"Tout n'a pas été fait pour les protéger": la famille d'un des trois gendarmes tués à Saint-Just en 2020 porte plainte

Des gendarmes en faction dans une rue de Saint-Just le 23 décembre 2020  - OLIVIER CHASSIGNOLE © 2019 AFP
Des gendarmes en faction dans une rue de Saint-Just le 23 décembre 2020 - OLIVIER CHASSIGNOLE © 2019 AFP

"C'est un homme qui est très violent, il est armé... Il a des glocks, des fusils d'assaut... Il faut que vos collègues fassent gaffe vraiment, il est armé lourdement... Qu'ils fassent attention, qu'ils fassent très attention, hein..." Les gendarmes qui sont intervenus le 23 décembre 2020 à Saint-Just, dans le Puy-de-Dôme, pour secourir une femme victime de violences conjugales étaient-ils suffisamment informés du danger encouru lors de cette mission?
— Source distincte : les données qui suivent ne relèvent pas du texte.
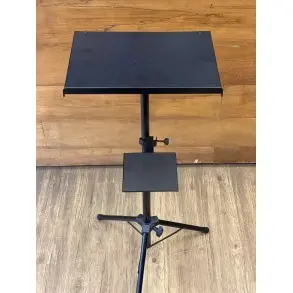 Soporte Trípode Multiuso Para Notebook + Bandeja Csa Rs101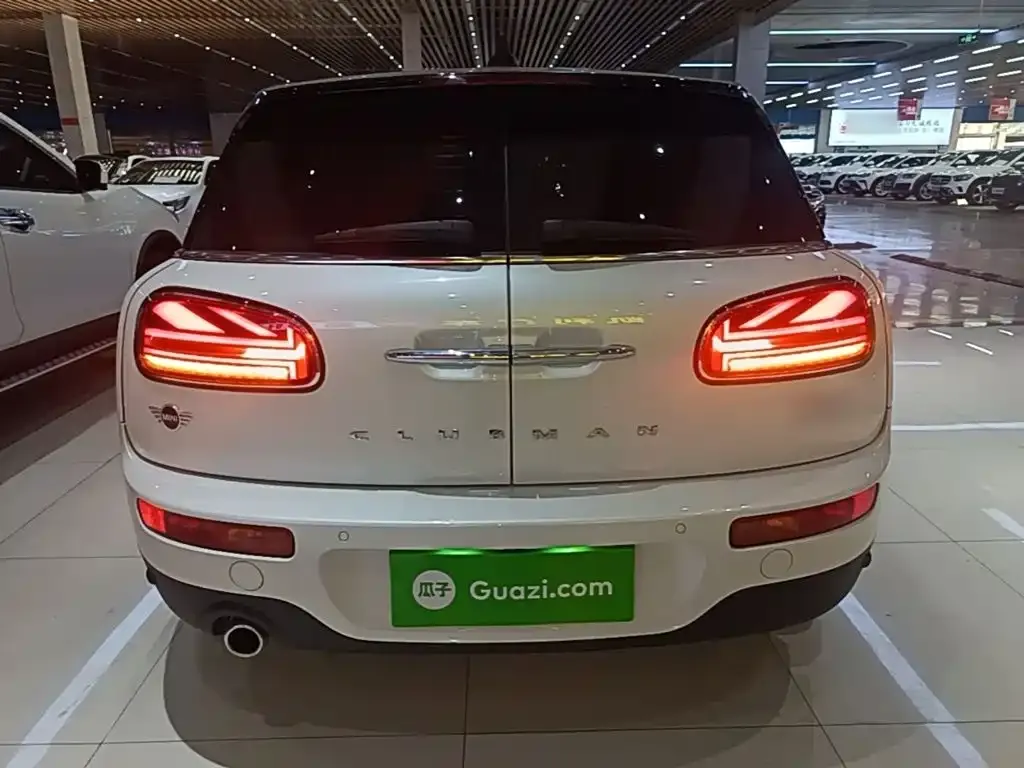 MINI Clubman — фото 10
Cette question, la famille de Cyrille Morel, l'un des trois gendarmes tués lors de cette intervention, se la pose encore. Ce père de famille de deux enfants a trouvé la mort, atteint par cinq balles tirées par Frédérik Limol. Le suspect était retranché à son domicile, où les militaires intervenaient pour secourir sa compagne réfugiée sur le toit. Deux autres gendarmes ont été tués ce soir-là: Arno Mavel, un brigadier de 21 ans et Rémi Dupuis, un adjudant de 37 ans, atteints par trois tirs dont deux mortels.
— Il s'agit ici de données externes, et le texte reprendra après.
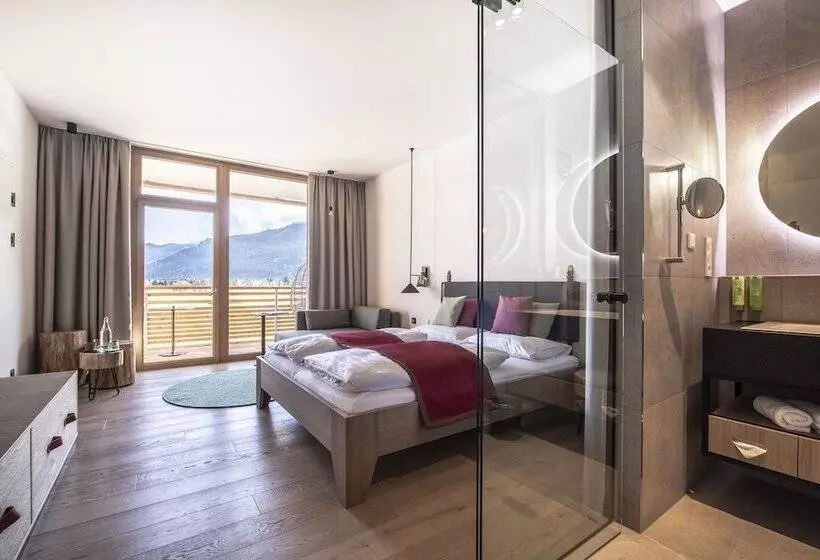 اتاق استاندارد, Tauern Spa Hotel & Therme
La gravité des événements "sous-estimée"

L'alerte avait été donnée par les voisins à 20h43. Elle évoque alors un homme "violent", "armé". Lui, policier de métier, indique à ses collègues du centre d'opérations et de renseignement de la gendarmerie, que le suspect est "armé lourdement". Il évoque "un fusil d'assaut", un "Glock 19", un pistolet semi-automatique utilisé par les forces de l'ordre, et "un AR15", un fusil semi-automatique. "Qu'ils fassent attention, qu'ils fassent très attention, hein", conclut le fonctionnaire de police.

Un message qui n'a pas pas été transmis ou trop tardivement aux gendarmes qui interviennent sur place, selon les familles des militaires. Comme l'indique leur avocat à BFMTV.com, confirmant les informations de La Montagne, les proches de Cyrille Morel ont porté plainte contre X pour "homicide involontaire". "Mes clients veulent connaître toute la vérité", détaille Me Gilles-Jean Portejoie.

"À la lecture de la chronologie minute par minute des échanges, des conversations téléphoniques, on se rend compte que tout n'a, semble-t-il, pas été fait par l'autorité militaire pour assurer la sécurité des gendarmes. La gravité des événements en cours a été sous-estimée."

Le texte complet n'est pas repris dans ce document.